Il capitolo 12 si apre con quella dichiarazione: «Fratelli, non voglio che voi ignoriate i doni spirituali». Dopodiché il codice dei doni spirituali ci è presentato. 

Il primo articolo di questo codice è che coloro che parlano per mezzo dello Spirito di Dio non possono maledire Gesù. Il secondo è che bisogna avere in sé lo Spirito Santo per dire: «Signore Gesù». Il terzo insegna che lo Spirito Santo ha doni molteplici e che distribuisce questi doni ai cristiani come vuole (11). Il quarto spiega perché tutti i cristiani hanno lo Spirito Santo: è perché tutti hanno ricevuto il battesimo nello Spirito Santo e tutti nel battesimo sono stati abbeverati dallo Spirito Santo (13). Dunque tutti i cristiani possiedono lo stesso Spirito; ma questo ente divino non concede a tutti gli stessi doni. Cosa devono fare i cristiani? Essi devono aspirare ai doni più importanti (31a). 

È Paolo che è ritenuto promulgare questi oracoli. Rileggiamo. Egli comincia col dichiarare che non vuole lasciare i Corinzi nell'ignoranza dei doni spirituali. Dichiarazione piena di sapienza.

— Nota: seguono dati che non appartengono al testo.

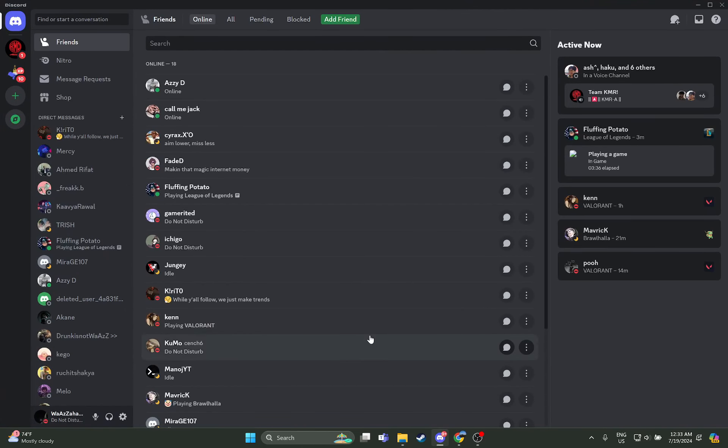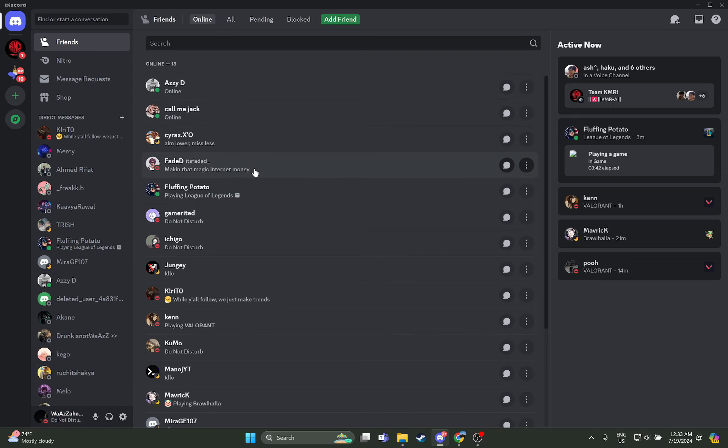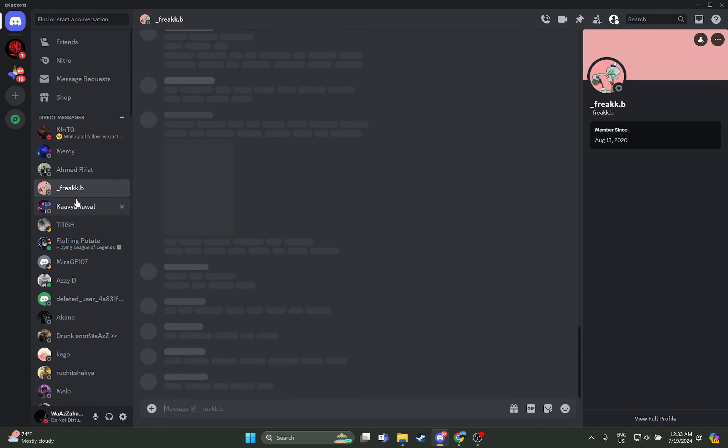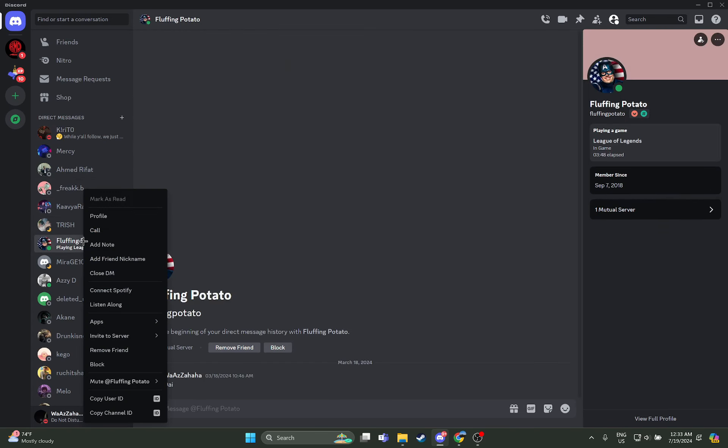As you open your Discord app, just select the chat you want to delete. As you select the chat you want to delete, all you have to do is just right click on it. As you right click on it, you can see these options where you can see the option right there: Close DM.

Poiché i Corinzi, al momento del loro battesimo, sono stati abbeverati dallo Spirito Santo, dovevano conoscere i doni che questo augusto personaggio ha loro conferito. Soltanto non possiamo dimenticare che Paolo, nel momento in cui scrive queste righe, è partito da tre anni da Corinto e che prima di uscirne vi ha soggiornato diciotto mesi. È da diversi anni che i Corinzi sono stati battezzati. Ed è al termine di questo tempo che l'apostolo decide di istruirli e di istruirli tramite una lettera! Perché non lo faceva nelle istruzioni che ha loro rivolto per prepararli al battesimo? Oppure, se in seguito alle circostanze, si è creduto obbligato ad abbreviare i ritardi e ad amministrare questo sacramento dopo un'istruzione molto sommaria, perché non li ha istruiti nel corso delle riunioni che sono seguite? Pochi minuti gli sarebbero bastati per dire ciò che ha scritto nella sua lettera. Veramente la dichiarazione 12:1 arriva molto tardi.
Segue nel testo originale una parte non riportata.